Data excerpts:
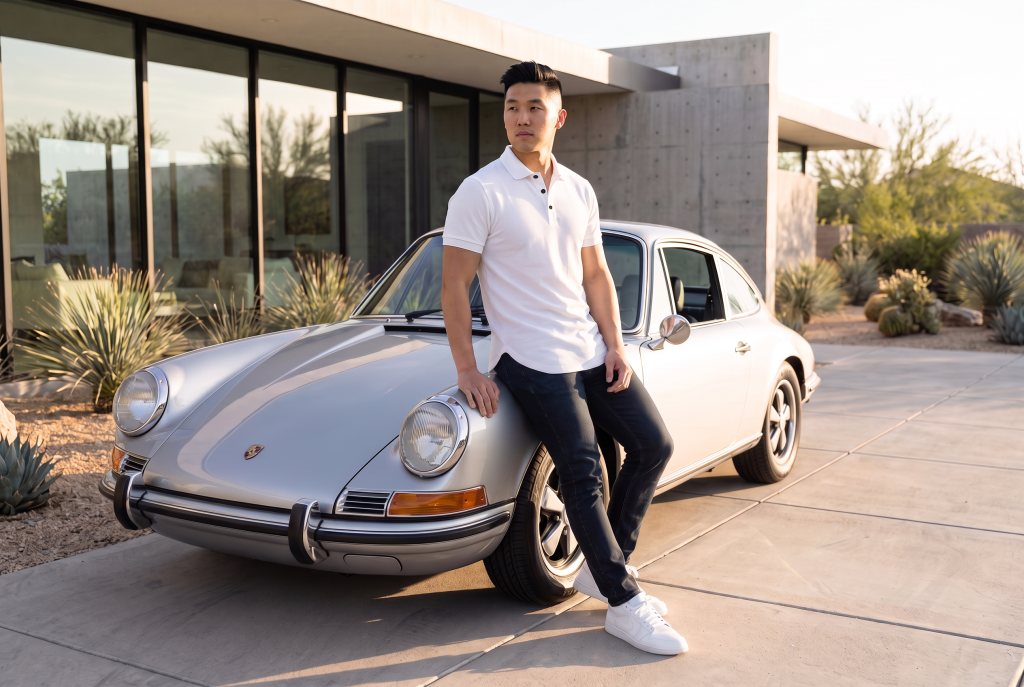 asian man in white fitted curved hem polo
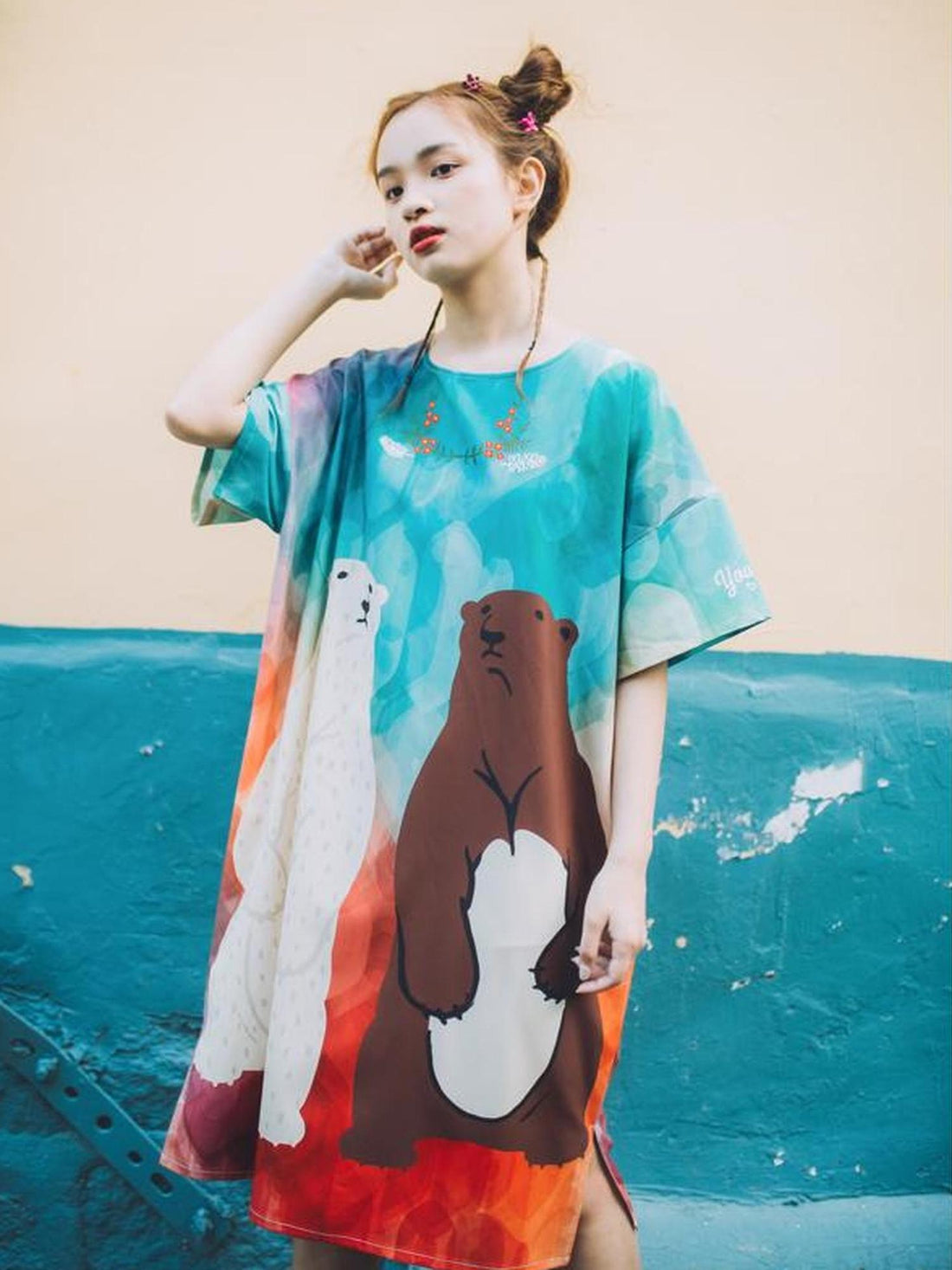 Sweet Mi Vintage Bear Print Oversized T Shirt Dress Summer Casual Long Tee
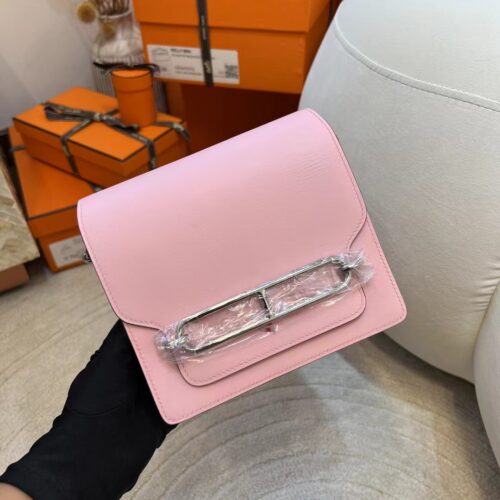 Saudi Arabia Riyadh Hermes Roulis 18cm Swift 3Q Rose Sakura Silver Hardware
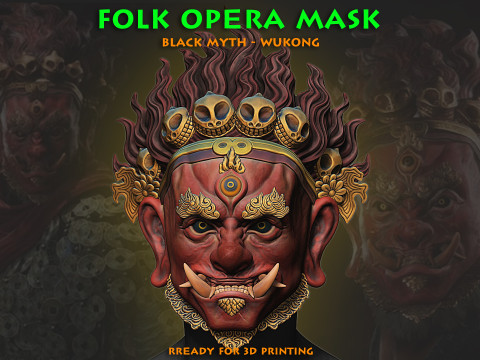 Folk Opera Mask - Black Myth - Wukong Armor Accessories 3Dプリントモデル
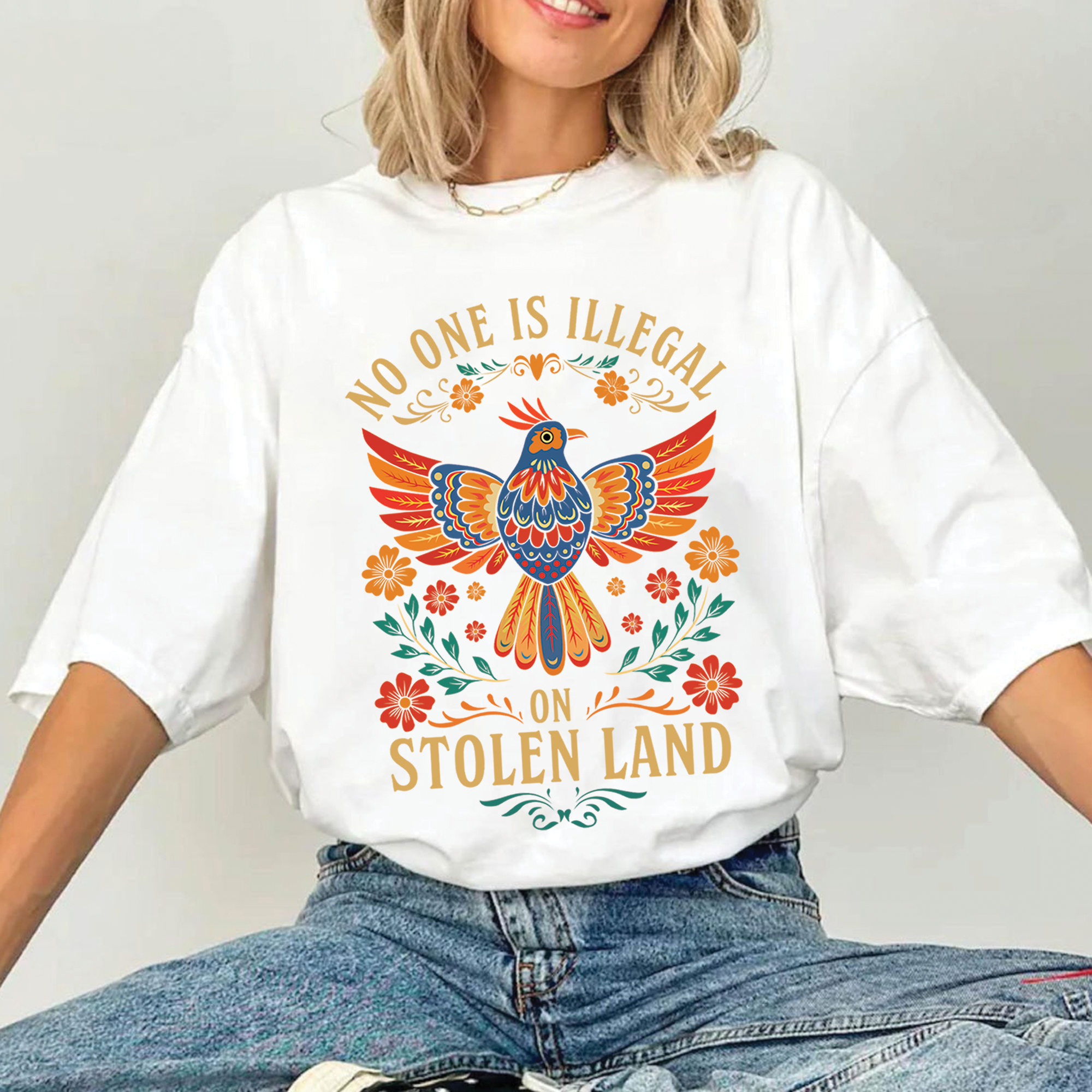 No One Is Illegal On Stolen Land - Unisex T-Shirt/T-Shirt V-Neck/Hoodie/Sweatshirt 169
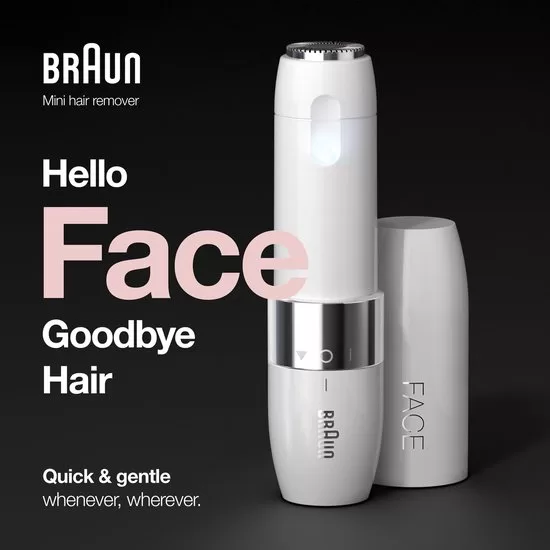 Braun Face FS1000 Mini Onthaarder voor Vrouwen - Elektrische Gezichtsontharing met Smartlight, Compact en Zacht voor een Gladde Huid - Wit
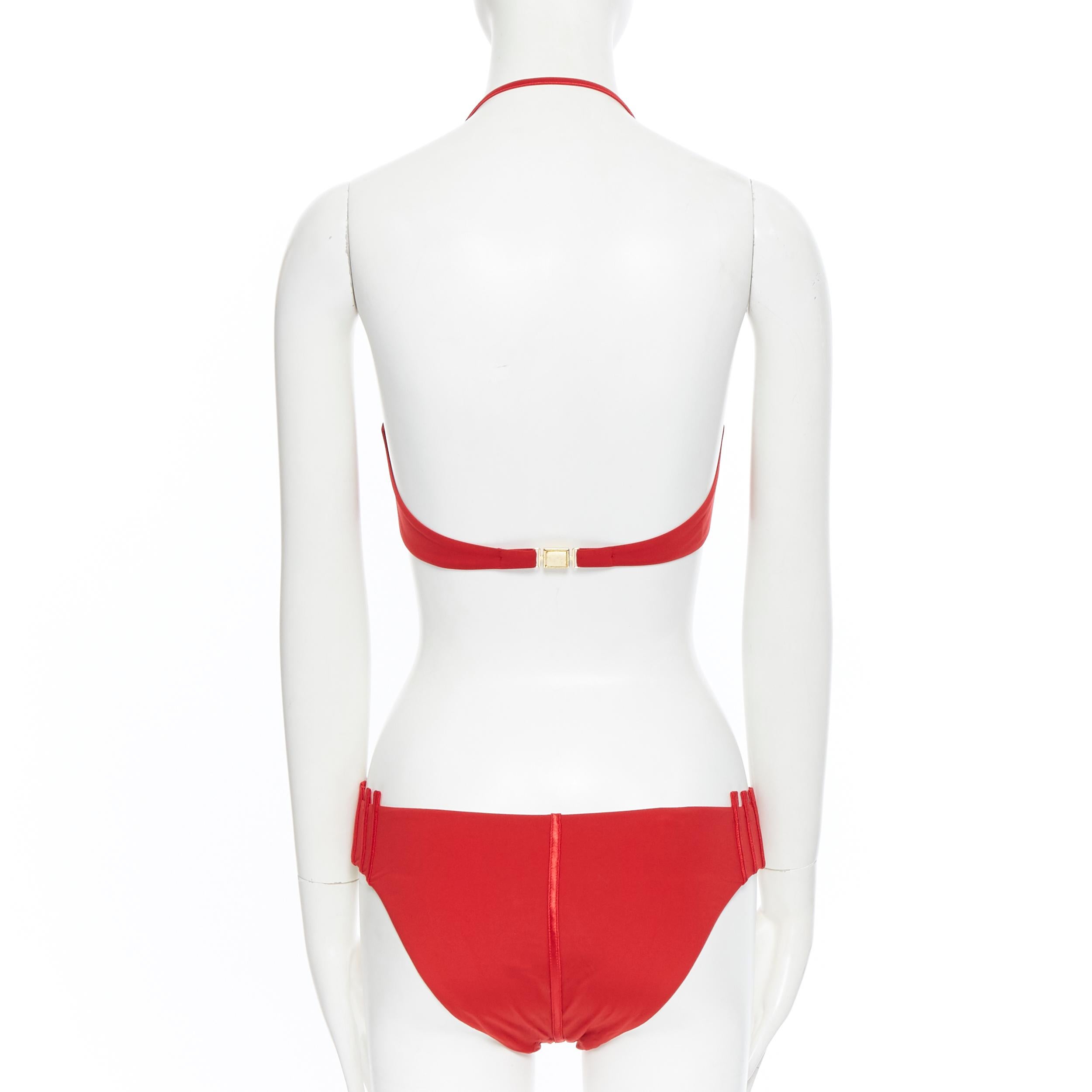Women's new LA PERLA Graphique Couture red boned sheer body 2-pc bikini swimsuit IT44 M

What the task requires: Please copy the lines above exactly, starting at the line that holds "Saudi Arabia Riyadh" and ending at the line that holds "No One Is Illegal"; include both, but no pictures.

Result for this task:
 Saudi Arabia Riyadh Hermes Roulis 18cm Swift 3Q Rose Sakura Silver Hardware
 Folk Opera Mask - Black Myth - Wukong Armor Accessories 3Dプリントモデル
 No One Is Illegal On Stolen Land - Unisex T-Shirt/T-Shirt V-Neck/Hoodie/Sweatshirt 169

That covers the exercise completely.